Surfaces made of vulcanised rubber (a uniform material, not a compressed rubber granulate) have always been used because they guarantee high hygiene levels, and are easy to clean and disinfect. Think, for instance, about the use of rubber in hospitals (from patient wards to operating rooms), or in schools (both classrooms and cafeterias). And then there's the flooring on trains, buses, and subway stations.
This material’s biomechanical characteristics mean that sports facilities with vulcanised rubber flooring are safe and offer excellent performance and easy maintenance.
The current emergency health situation gives rise to numerous questions regarding the cleaning and maintenance of the various types of surfaces, so we want to answer some questions regarding sports surfaces made of vulcanised rubber.
To answer this question properly, it's necessary to understand that bacteria reproduces wherever it finds the right temperature, humidity, and food.
Vulcanised rubber floors are waterproof and non-porous, so they don't absorb sweat, liquids, or dirt. This breaks the bacteria proliferation chain as it eliminates humidity, making it quick and easy to remove the dirt that forms the food for bacteria.
Flooring in vulcanised rubber doesn't decompose and requires no antibacterial or protective finishes to maintain its waterproof nature.
A recent study published in the New England Journal of Medicine determined that the coronavirus can survive on various surfaces that it comes into contact with, and then if it's touched with the hands, it can be transferred to the mouth, nose, and eyes.
This scenario can be counteracted, however, because—as the virologists have shown—the virus can be easily rendered inactive (i.e., lose its ability to infect you) by thoroughly washing with soap and water or similar detergents.
Rubber sports flooring can have a smooth rubber surface, for example, what you find in gyms, but also an embossed surface, like prefabricated running tracks. Each type of surface needs to be cleaned with a specific brush, depending on its particular finish.
What doesn't change, though, is that routine cleaning can be done using just water and a detergent with a neutral pH (between 7 and 9) without the need for foaming agents or solvents.
This type of cleaning, if done properly and regularly, is enough to prevent any proliferation of bacteria and micro-organisms on the surface.

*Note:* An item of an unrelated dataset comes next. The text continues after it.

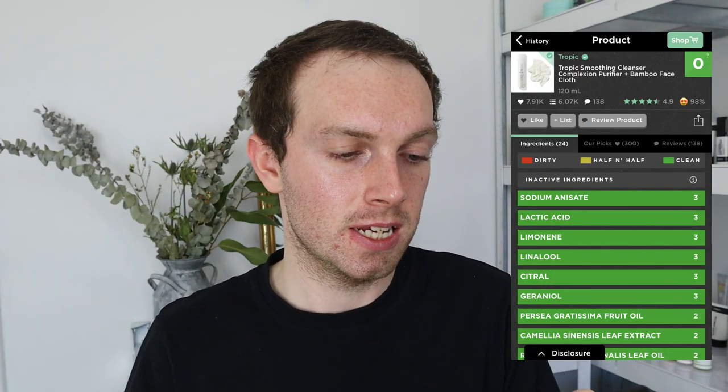But the Think Dirty app doesn't stop there. I've got this Tropic Smoothing Cleanser here, and it's actually got a rating of zero — all green — meaning it's suitable for all skin types and not going to harm your skin in any way, shape, or form. However, looking at the ingredients list, you've got lemon, linolool, citral, and geraniol — all different fragrant components which can be incredibly irritating to sensitive skin users. Yes, fragrance is not the devil and most people can tolerate it. But what the app is again failing to tell you is that if you have sensitive skin, most of these fragrance components will actually really upset your skin and cause inflammation and irritation.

While using chemical disinfectants on any type of surface is a way of chemically attacking any possible micro-organisms, it also presents a risk for the surface itself.
With rubber flooring, before using any non-neutral detergent, it's important to test it on a small part of the surface to determine how strong the detergent is and see if it produces any colour changes.
An excessively strong treatment might damage the floor, so use of it should be cleared beforehand with the flooring manufacturer.
Frequent routine daily cleaning is sufficient for keeping sports facilities hygienic for the people using them.